Gay plays crowd the theatrical canon. There are the necessary enigmas of Noël Coward, like The Vortex or Design For Living, which are slyly aimed at an audience of knowing code-breakers. There are the proud, defiant (and rather tedious) pleas for understanding like La Cage Aux Folles. And the gayest of them all, My Night With Reg, is also the least overtly gay because it dispenses with all homosexual caricatures. There isn’t an interior designer, a flight steward or a hair stylist in sight, let alone a Liberace fetishist, or a Maria Callas wonk.
The characters are mainstream yuppies who are exactly like hetero folk, except that they seduce one another with very little encouragement and an enviably high success rate. We’re in the 1980s. Aids, represented by the shadowy and unseen Reg, haunts the action.

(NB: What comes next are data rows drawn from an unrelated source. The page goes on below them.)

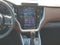 2022 Subaru Outback Touring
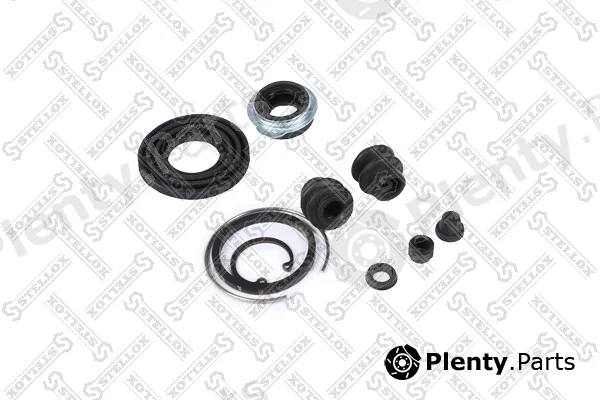 Stellox 04-99039-SX — Repair Kit, brake caliper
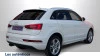 Audi Q3 Sport edition 1.4 TFSI CoD 110 kW (150 CV) S tronic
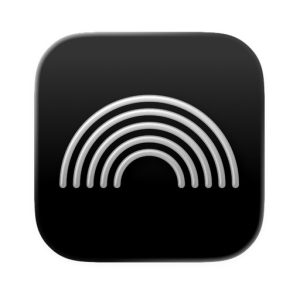 Looq for Mac 1.4.1 文件快速查看增强工具，Markdown 代码与数据表格一键预览-山海之花 - 宝藏星球屋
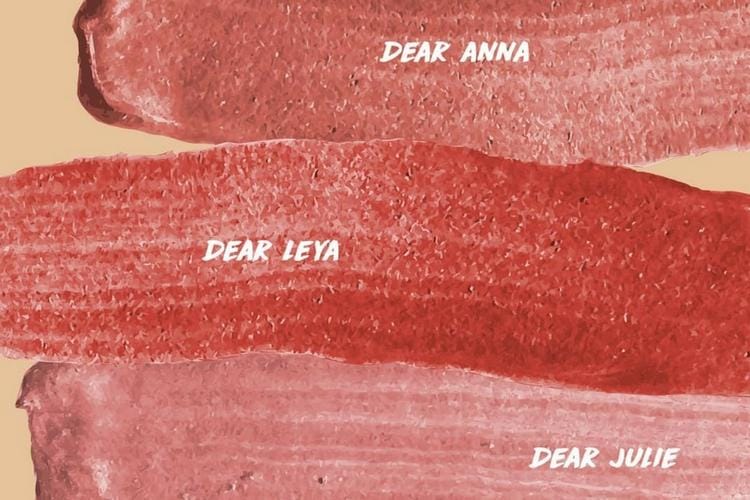 Instagram.com/@dearmebeauty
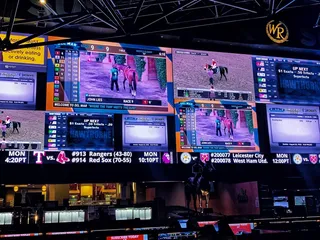 Westgate SuperBook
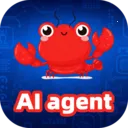 AI agent��ϺС��2026���ذ�װv1.0.0 �ٷ���
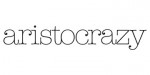 Intuitive Aristocrazy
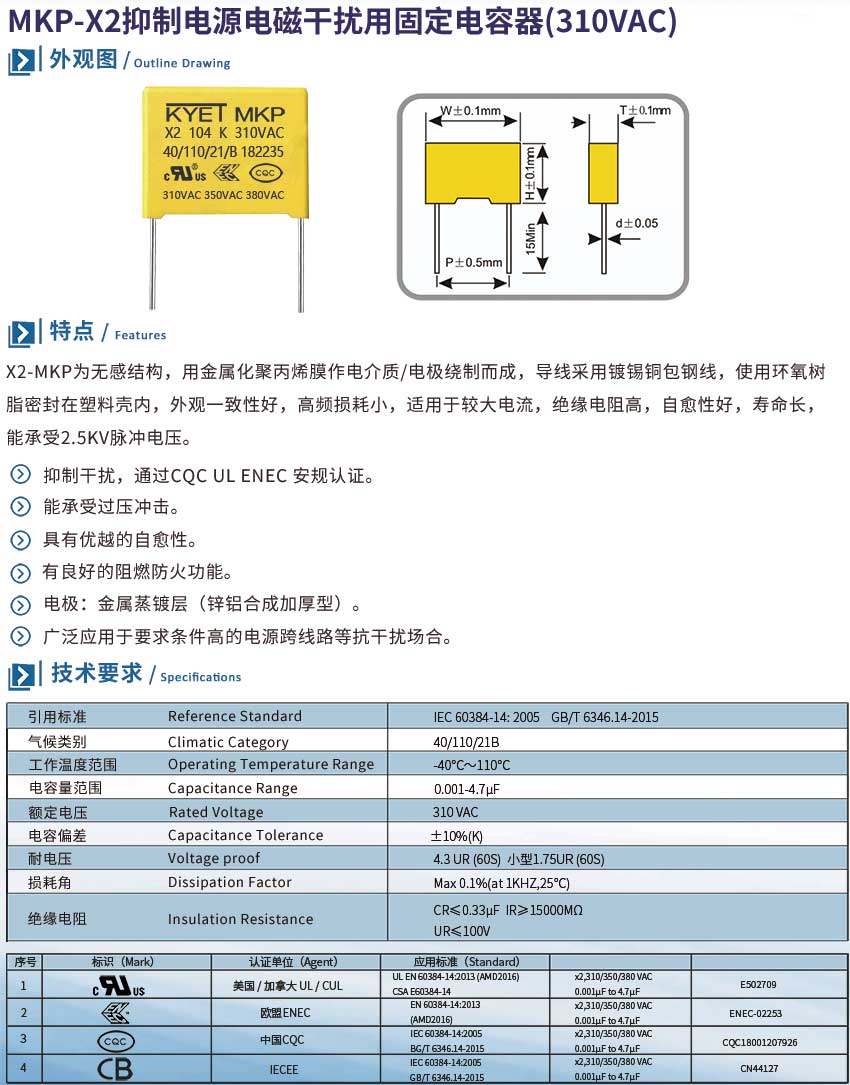 x2-310v介紹.jpg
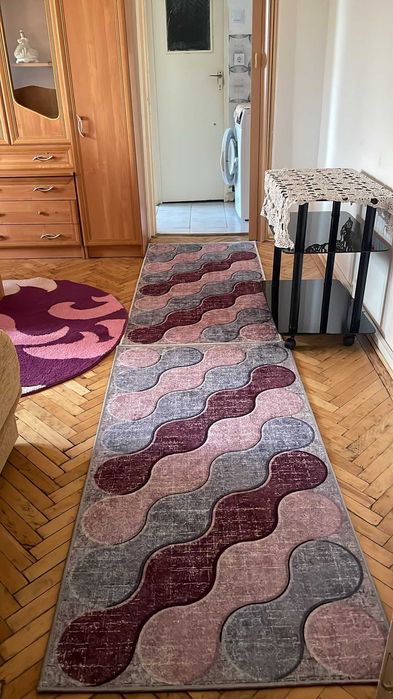 apartament 2 camere de inchiriat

The characters are university chums who meet up ten years after graduation and slowly realise that most, and perhaps all, of the group have embraced a joyful tryst with Reg and his lethal body fluids.
Writer Kevin Elyot arranges an ingenious tapestry of affairs, crushes and unrequited ardours in a script that operates on several levels. It’s a flatshare comedy crammed with engaging figures of fun. Petty, nit-picking Bernie tolerates the affairs of his randy thuggish boyfriend because he’s terrified of getting the elbow. Cool, suave John is adored by Guy, the chubby loser, who can’t find the courage to declare his love. The flat he owns is being decorated by a fit young Brummie named Eric whom all the older men covet madly, but he barely notices as they drool and pant and ogle. Comedy aside, there’s a whole heap of suspense here. It’s like a country-house thriller. Anyone could croak at any time, and even the near-celibate Guy is at risk thanks to an unprotected summertime fling.